American Indians Lag Other Graduates in College Readiness, ACT Says
More than half of the American Indian high school graduates in 2013 who took the ACT college-entrance exam did not meet any of four benchmarks that the test-makers say signal likely success in credit-bearing first-year college courses.
That compares to 31 percent of all high school graduates who took the test and met none of the performance benchmarks, according to a new analysis from ACT.
Of all the student groups, American Indian graduates who took the exam completed ACT's recommended core curriculum at the lowest rate—at 62 percent. On average, 74 percent of all students tested last year completed the core curriculum, which ACT defines as four years of English and three years each of math, social studies, and science.

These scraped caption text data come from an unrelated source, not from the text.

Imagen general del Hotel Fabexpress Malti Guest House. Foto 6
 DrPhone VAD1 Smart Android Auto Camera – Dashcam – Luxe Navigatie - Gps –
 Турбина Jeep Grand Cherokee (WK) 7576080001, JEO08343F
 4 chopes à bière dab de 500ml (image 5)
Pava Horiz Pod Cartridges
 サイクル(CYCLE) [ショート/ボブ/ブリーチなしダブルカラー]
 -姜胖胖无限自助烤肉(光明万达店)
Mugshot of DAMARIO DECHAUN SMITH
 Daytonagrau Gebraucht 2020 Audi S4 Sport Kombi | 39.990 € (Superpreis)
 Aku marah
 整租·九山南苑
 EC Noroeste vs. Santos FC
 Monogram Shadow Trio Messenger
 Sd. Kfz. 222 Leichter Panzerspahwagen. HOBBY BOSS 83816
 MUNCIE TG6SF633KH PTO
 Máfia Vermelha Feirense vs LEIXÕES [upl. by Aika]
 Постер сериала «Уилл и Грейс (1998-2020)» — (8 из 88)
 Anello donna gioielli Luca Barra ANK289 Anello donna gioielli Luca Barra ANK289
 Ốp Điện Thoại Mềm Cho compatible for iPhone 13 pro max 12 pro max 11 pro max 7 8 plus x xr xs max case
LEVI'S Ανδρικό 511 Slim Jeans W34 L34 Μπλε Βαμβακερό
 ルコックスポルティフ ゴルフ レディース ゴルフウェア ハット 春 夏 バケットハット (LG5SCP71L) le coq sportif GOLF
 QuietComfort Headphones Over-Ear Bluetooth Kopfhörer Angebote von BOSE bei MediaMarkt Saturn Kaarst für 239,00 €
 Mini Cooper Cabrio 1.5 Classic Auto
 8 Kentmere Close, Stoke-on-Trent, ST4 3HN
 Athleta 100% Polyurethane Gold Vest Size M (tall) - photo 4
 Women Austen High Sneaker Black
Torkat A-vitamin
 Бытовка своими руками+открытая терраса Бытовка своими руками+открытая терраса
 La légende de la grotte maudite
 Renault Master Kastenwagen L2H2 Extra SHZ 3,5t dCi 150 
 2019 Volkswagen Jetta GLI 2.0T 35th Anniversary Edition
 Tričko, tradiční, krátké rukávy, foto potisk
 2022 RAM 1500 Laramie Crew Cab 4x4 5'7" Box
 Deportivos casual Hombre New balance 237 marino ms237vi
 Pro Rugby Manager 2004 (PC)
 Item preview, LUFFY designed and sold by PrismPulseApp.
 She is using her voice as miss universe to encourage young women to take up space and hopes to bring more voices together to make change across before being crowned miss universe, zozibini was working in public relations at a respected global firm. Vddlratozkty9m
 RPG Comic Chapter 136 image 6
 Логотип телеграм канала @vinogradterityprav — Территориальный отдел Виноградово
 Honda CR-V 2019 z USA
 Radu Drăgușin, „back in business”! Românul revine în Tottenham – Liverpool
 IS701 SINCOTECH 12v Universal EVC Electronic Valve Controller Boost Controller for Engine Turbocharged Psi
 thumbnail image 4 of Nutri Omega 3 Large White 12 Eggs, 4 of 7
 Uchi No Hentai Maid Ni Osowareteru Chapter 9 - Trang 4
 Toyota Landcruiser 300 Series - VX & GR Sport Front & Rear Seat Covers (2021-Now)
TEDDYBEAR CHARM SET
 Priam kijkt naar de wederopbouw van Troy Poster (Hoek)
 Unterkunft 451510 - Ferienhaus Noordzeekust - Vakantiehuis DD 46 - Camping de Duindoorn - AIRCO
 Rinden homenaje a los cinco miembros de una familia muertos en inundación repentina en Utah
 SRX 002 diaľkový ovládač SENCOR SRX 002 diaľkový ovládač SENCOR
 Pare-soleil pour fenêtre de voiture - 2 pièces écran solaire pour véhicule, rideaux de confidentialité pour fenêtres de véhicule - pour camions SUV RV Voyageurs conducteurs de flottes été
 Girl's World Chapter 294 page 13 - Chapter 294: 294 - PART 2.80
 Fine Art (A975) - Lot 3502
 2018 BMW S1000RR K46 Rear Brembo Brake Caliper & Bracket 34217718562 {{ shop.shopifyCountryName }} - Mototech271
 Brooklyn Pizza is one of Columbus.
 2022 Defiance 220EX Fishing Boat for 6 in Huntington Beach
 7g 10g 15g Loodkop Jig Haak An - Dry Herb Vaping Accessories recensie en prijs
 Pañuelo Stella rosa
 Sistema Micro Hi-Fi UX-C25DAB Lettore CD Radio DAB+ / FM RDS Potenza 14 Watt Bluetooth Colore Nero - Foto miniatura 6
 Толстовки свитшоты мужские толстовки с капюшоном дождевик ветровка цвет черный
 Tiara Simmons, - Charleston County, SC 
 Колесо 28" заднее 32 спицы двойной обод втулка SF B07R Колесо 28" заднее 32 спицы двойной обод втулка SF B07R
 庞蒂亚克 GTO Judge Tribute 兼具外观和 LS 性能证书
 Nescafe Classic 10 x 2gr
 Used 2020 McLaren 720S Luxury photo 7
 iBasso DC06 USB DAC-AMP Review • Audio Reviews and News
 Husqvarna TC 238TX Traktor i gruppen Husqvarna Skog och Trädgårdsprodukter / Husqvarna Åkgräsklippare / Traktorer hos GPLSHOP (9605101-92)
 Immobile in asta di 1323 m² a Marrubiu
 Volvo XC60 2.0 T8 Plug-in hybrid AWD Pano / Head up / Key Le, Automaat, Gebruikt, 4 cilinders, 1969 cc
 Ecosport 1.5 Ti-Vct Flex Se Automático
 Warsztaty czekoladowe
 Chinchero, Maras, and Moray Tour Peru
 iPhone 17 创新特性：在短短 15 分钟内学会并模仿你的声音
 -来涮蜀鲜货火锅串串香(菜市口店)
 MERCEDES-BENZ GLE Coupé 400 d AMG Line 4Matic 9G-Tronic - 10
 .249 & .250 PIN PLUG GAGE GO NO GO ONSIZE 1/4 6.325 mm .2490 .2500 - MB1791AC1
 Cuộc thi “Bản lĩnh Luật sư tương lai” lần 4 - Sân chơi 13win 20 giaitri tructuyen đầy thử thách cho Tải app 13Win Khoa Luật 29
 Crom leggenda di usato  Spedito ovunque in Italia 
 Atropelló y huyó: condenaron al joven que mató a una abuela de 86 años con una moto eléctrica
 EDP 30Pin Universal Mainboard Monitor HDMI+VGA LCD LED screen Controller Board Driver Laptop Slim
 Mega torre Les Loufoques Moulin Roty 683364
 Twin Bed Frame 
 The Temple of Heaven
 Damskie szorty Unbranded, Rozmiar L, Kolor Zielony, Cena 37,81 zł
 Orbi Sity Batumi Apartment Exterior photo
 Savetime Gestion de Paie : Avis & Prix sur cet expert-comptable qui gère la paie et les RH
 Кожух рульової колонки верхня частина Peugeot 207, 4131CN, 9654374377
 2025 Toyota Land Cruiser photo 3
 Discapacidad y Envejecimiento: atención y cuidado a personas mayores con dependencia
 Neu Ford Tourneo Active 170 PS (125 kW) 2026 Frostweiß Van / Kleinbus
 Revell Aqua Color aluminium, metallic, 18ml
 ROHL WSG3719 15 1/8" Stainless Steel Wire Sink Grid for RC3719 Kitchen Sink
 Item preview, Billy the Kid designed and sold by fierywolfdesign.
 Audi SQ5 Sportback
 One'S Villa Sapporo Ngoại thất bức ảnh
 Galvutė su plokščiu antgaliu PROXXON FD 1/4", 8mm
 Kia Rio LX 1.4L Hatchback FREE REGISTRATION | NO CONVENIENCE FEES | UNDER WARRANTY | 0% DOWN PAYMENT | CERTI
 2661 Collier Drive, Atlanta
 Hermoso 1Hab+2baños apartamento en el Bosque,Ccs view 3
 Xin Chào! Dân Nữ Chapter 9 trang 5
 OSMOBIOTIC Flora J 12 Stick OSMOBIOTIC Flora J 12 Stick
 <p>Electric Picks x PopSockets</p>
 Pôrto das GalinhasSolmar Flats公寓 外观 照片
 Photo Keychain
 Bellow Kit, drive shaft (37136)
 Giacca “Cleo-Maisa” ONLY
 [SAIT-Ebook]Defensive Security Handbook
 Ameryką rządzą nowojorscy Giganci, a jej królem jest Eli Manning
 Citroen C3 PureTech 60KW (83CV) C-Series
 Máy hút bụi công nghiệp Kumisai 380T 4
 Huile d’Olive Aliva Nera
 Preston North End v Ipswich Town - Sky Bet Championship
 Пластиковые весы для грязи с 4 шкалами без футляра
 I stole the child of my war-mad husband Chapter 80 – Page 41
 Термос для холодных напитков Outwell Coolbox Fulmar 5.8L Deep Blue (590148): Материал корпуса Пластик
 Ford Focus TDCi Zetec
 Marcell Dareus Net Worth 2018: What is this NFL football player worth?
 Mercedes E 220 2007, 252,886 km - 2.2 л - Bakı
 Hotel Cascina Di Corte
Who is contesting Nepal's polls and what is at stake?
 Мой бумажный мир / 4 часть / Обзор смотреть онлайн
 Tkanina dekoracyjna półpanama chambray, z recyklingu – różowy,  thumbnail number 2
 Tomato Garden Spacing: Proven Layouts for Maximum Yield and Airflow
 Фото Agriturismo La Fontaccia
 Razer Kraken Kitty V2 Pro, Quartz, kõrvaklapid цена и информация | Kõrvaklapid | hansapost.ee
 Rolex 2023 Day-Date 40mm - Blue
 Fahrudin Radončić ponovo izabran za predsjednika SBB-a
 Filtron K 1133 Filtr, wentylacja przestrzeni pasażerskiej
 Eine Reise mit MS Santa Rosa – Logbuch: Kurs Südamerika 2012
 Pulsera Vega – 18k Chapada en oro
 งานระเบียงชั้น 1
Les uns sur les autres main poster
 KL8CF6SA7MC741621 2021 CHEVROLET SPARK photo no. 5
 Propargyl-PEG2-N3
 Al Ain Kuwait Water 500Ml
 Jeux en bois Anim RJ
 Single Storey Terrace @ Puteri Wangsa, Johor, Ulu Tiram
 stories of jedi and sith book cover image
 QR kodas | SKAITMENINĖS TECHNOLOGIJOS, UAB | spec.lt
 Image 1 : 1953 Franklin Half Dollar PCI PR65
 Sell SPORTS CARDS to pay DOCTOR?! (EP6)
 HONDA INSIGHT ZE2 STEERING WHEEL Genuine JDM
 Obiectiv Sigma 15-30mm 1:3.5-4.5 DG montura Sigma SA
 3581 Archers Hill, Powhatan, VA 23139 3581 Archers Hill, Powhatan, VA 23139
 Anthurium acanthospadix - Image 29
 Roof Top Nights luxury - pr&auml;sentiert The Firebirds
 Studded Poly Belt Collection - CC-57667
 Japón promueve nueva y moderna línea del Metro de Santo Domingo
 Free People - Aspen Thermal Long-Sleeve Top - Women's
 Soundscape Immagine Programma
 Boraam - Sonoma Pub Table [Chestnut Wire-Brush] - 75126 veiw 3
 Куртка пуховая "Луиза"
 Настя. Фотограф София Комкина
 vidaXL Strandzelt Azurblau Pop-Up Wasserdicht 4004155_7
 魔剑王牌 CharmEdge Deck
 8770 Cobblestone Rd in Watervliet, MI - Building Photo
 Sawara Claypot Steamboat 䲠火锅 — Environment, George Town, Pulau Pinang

Enrollment in some postsecondary program among American Indian graduates is also the lowest of any student group that took the ACT, even though a vast majority reported aspirations to attend college.
The ACT report used data from roughly 14,000 high school graduates who identified themselves as being of American Indian race/ethnicity on their ACT exams.
This analysis is in keeping with most of the academic outcomes we see for American Indian students, who lag on almost every major indicator of schooling success. American Indian children face some of the longest odds for completing high school and enrolling in college: They are more likely to be poor, more likely to live in isolated, underresourced communities, and more likely to die young than their peers in other racial and ethnic groups.
Education Week documented some of those challenges, as well as opportunities, in two very different Native American communities last year.